PAIGE BUSH

Side Hustle: Small Project Turns to Big Bliss for Jade Billo

When Jade Billo opened her downtown Kitchener yoga studio Big Bliss in 2016, she was the embodiment of hustle. 

“I had myself on for 39 classes a week,” she said. “I taught at 6:45 a.m., I taught at noon, and then I taught four classes at night and five classes on Saturday.” 

Born and raised downtown Kitchener, Billo has lived in the area ever since, apart from a year and a half spent in Montreal. 

In 2014, the company that Billo was working for as a data conversion programmer got bought out, her role changed, and she started working from home. 

“I was convinced I was going to get laid off,” she said. “I felt useless.”

At the same time, she was beginning to get the sense that downtown Kitchener was about to take off. 

“I had to be a part of it,” she said. “Because me and my husband grew up here, I was so excited for it.”

In 2012, Billo earned her Zumba certification and began teaching classes at GoodLife. It was her first side hustle and she was hooked. 

Not long after this, she began to develop knee problems from the high impact nature of her Zumba classes. So she turned to Yoga as another option to stay active, eventually becoming a certified Yoga instructor

In 2016, the possibility of renting her own space downtown Kitchener presented itself. But after several options fell through she began to get discouraged. So she took a job interview with another tech company, not really knowing where her future was headed. She bombed the interview. This gave her the motivation to give her dream one more shot. 

Then she found a space at Zion United Church on Weber Street. In the church there was a gymnasium that offered a more affordable real estate option than most other options she had looked at to that point. This came with more than its fair share of quirks. 

“The floor was old shuffleboard tiles that were yellow and scraping off in spots, there were bats in the space — it was bad,” she said. “Think of a school from the 1950s and imagine that someone closed the doors on it back then and didn’t open them until now. That’s what it was like.” 

After much hard work preparing the space, Big Bliss officially opened its doors on August 29, 2016. The first few months were quite slow. But by the end of its first year, the studio had nearly 40 members. 

On June 24, 2017, Billo’s birthday, she heard a rumour that her landlord at Zion United Church wanted to sell the building. At the time she had been ready to invest significant money into the place in order to introduce hot yoga. 

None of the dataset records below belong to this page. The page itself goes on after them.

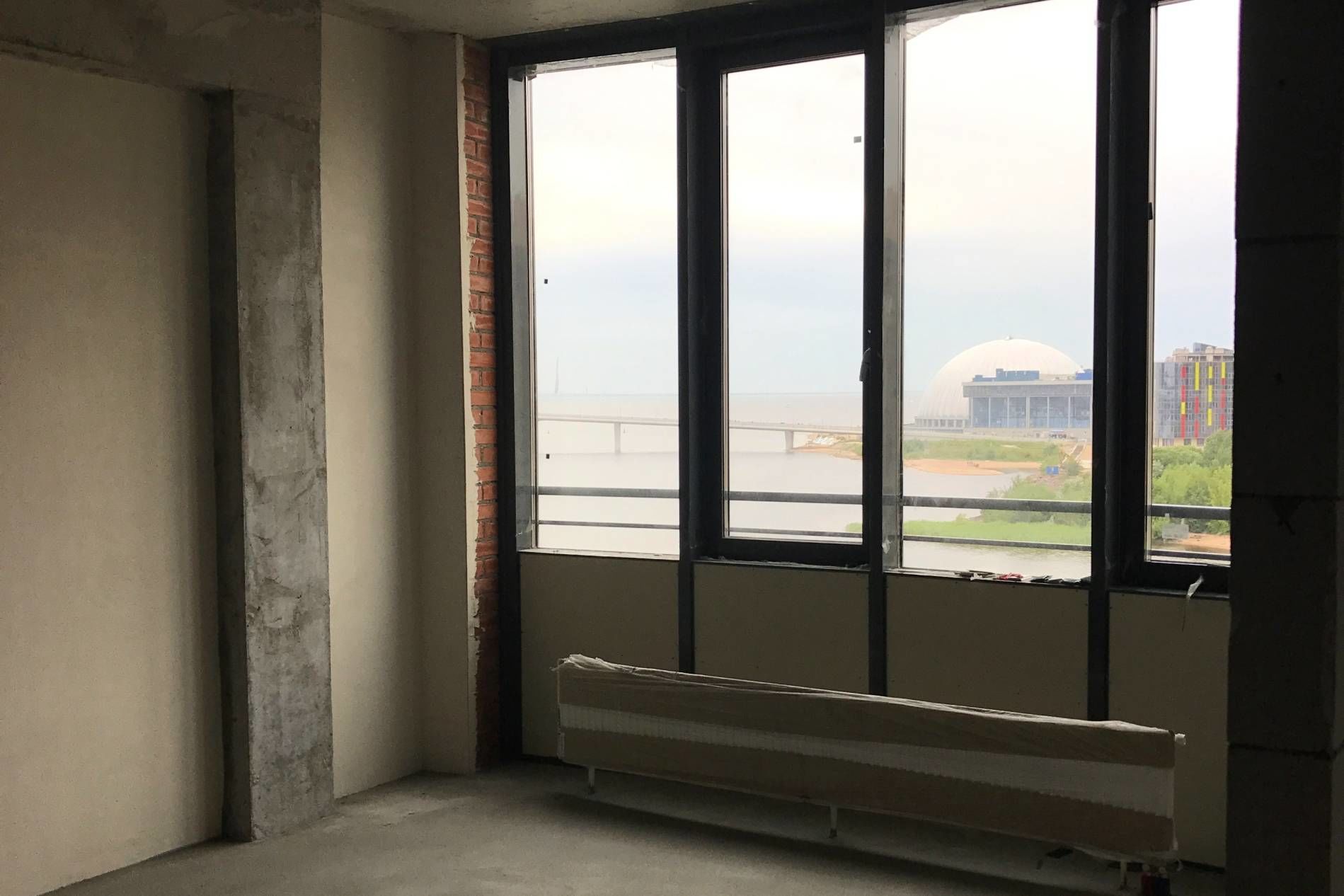 В спальне окно во всю стену Продажа квартиры 192м² 'Три ветра' Савушкина ул., 112 В спальне окно во всю стену Продажа квартиры 192м² 'Три ветра' Савушкина ул., 112
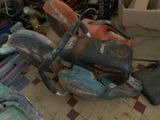 une moto qui trône au milieu d'une pièce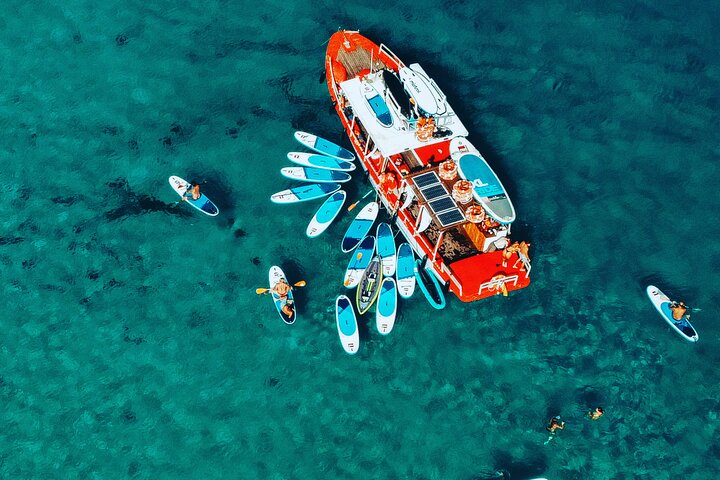 Passeio de barco tudo incluído em Ibiza com desportos aquáticos e vistas do pôr do sol, foto 32 | wizardtrip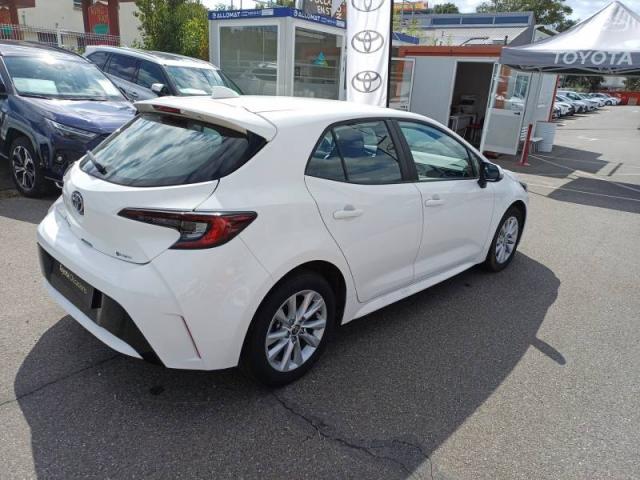 Toyota Corolla image 2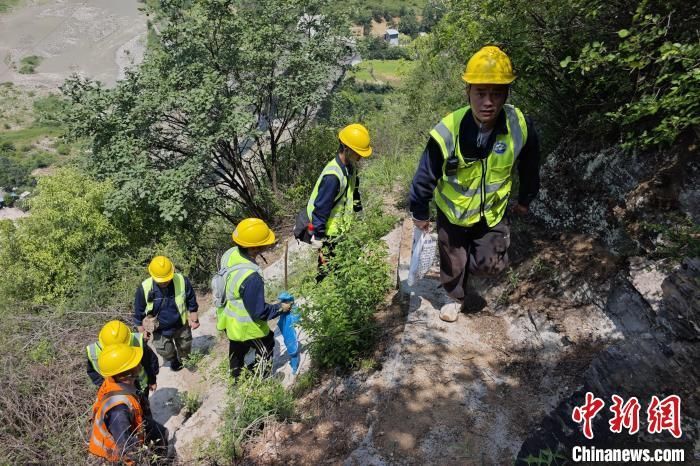 图为“扫山奇兵”正在向山上进发。　张霖 摄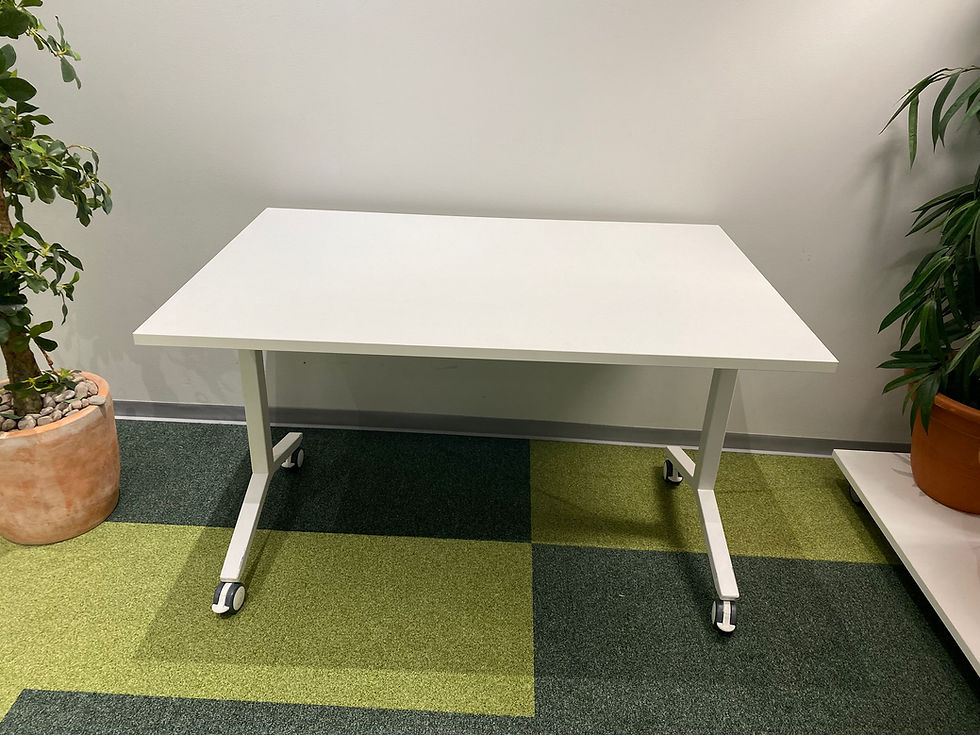 Pikkukuva: Martela Alku taittopöytä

After months of searching, Billo finally found a new space for Big Bliss on Duke Street in November 2017. 

She and her husband got keys to the place on Dec. 4, but it was supposed to take 21 days to get permits with  city staff going on holidays for last two weeks of December. 

“I wrote [the city] this really sad letter and asked them to please, please have it done before they went on vacation.” 

And on the Dec. 12, they got their approval and the last two weeks of December were a complete blur as two walls came down, a new wall went up, everything was painted. 

“We were slated to open Jan. 2,” she said. “That first class that we did, the night before there was garbage everywhere. Some of our regulars came and I felt really bad for them because they got drywall dust on them.” 

But a bit of drywall dust was not going to keep people away. 

“We doubled our membership in the first two months of being in the new space,” Billo said. 

Big Bliss continues to grow. Currently there are around 140 members, though Billo dreams of one day reaching 500 members and opening a second location. What was once her side hustle has now become her full hustle. 

“I’m so excited to just focus on Big Bliss,” she said. “I hated being half-assed in two different things.”